Presented at: Western Division of the Canadian Association of Geographers 2011
VARIABILITY AND SOURCES OF DISOLVED INORGANIC CARBON IN THE FRASER RIVER, B.C. CANADA
Downey, B. (University of the Fraser Valley), Fanslau, J. (University of the Fraser Valley), Marsh, S. (University of the Fraser Valley), Gillies, S. L. (University of the Fraser Valley), Janmaat, A. (University of the Fraser Valley), Peucker‐Ehrenbrink, B. (Woods Hole Oceanographic Institution), Voss, B. (Woods Hole Oceanographic Institution), Wang, Z. (Woods Hole Oceanographic Institution), Hoering, K. (Woods Hole Oceanographic Institution), Eglinton, T. I. (Woods Hole Oceanographic Institution), Montluçon, D. B. (Woods Hole Oceanographic Institution), Fraser, H. (University of the Fraser Valley), Macklam‐Harron, G. (University of the Fraser Valley), Wiebe, B. (University of the Fraser Valley), Martinec, M. (University of the Fraser Valley), Johnson, C. (Woods Hole Oceanographic Institution), Birdwhistell, S. (Woods Hole Oceanographic Institution)
As global temperatures rise the understanding of carbon sequestration and its mechanism, and rate of transport from land to the atmosphere becomes progressively more important. Inorganic carbon is a large source of atmospheric carbon. By studying the rate at which it is released from different locations and materials, it is possible to estimate the rate at which carbon will be released as global temperatures change. A major component of the global carbon cycle is the transport of sequestered carbon to the ocean via rivers, where outgassing into the atmosphere can occur; the study and quantification this process lead to the formation of the World River Group (WRG). One river that is being studied by the WRG, is the Fraser River in B.C., although smaller than the other rivers being studied, it provides valuable information as it contains a wide range of terrains and inorganic carbon sources. During the summer of 2009 dissolved inorganic carbon (DIC) concentrations were collected from several locations along the Fraser River. This data was then associated to their individual watersheds and tributaries via GIS, to determine high and low source areas of DIC. The DIC concentrations from the various sampling locations ranged from 295.5 ‐ 1633.3 (μmol/kg). By identifying these sources and
studying them, it is possible to estimate how much DIC would be released if river beds shifted or water levels changed and impacted different geologic features.

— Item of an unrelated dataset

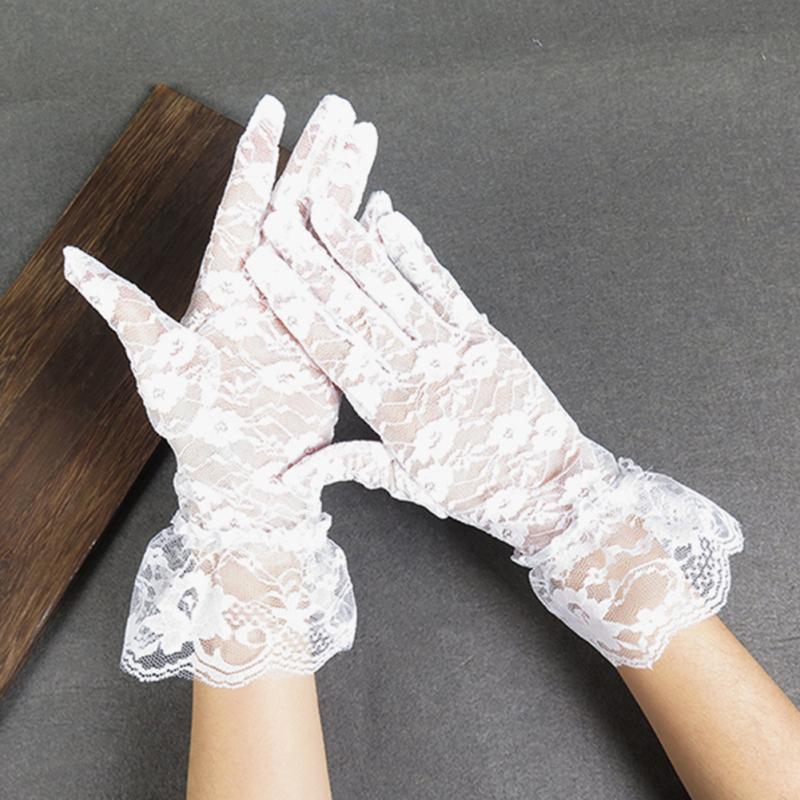 Women Lace Gloves Jacquard Short Gloves For Halloween Party Dance Party Wedding Evening Dress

SPATIAL VARIATION OF DISSOLVED AND PARTICULATE ORGANIC CARBON CONCENTRATIONS ALONG THE FRASER RIVER,
Jenna Fanslau1, Bryce Downey1, Steven Marsh1, Sharon Gillies1, Alida Janmaat1, Bernhard Peucker‐Ehrenbrink2, Britta Voss2, Ekaterina Bulygina4, Gregory Fiske4, Timothy Eglinton2,3, Daniel Montluçon2,3, Helena Fraser2, Garrett Macklam‐Harron2, Brayden Wiebe2, Michelle Martinec2, Carl Johnson2, and Scot Birdwhistell2
1 University of the Fraser Valley, Abbotsford, Canada
2 Woods Hole Oceanographic Institution, Woods Hole, USA
3 Eidgenössische Technische Hochschule, Zürich, Switzerland
4 Woods Hole Research Center, Woods Hole, USA
With the growing threat of global warming, the need to understand the world’s carbon biogeochemical cycle has become increasing crucial. Since rivers provide an important interface between ocean and land, it is important to study the flux of carbon within river catchments. The growing interest in the study of organic carbon as well as related global geochemical cycles sparked the for mation of the World River Group (WRG). The Fraser River, included in the WRG project, is one of particular importance. Its unique characteristics include no damming of the main stem, significant seasonal variation in discharge, and diverse geological terrain. Particulate organic carbon (POC) and dissolved organic carbon (DOC) concentrations were measured on samples taken from multiple sites along the Fraser River during the summer 2009. It was found that the POC concentrations varied from 0.05‐0.83mg/L and the DOC concentrations varied from 0.21‐6.56mg/L. This data was then used to perform a preliminary assessment of the variability of organic carbon concentrations at each of the different collection sites. Geologic terrain, vegetation types, and varying intensities of landuse at each collection site along the Fraser River are used to help explain the variations in POC and DOC concentrations. In addition to analyzing carbon concentrations along the Fraser River, the relationship between POC and DOC concentrations is also examined. These preliminary analyses are critical steps in understanding how the global carbon cycle is influenced by the world’s rivers.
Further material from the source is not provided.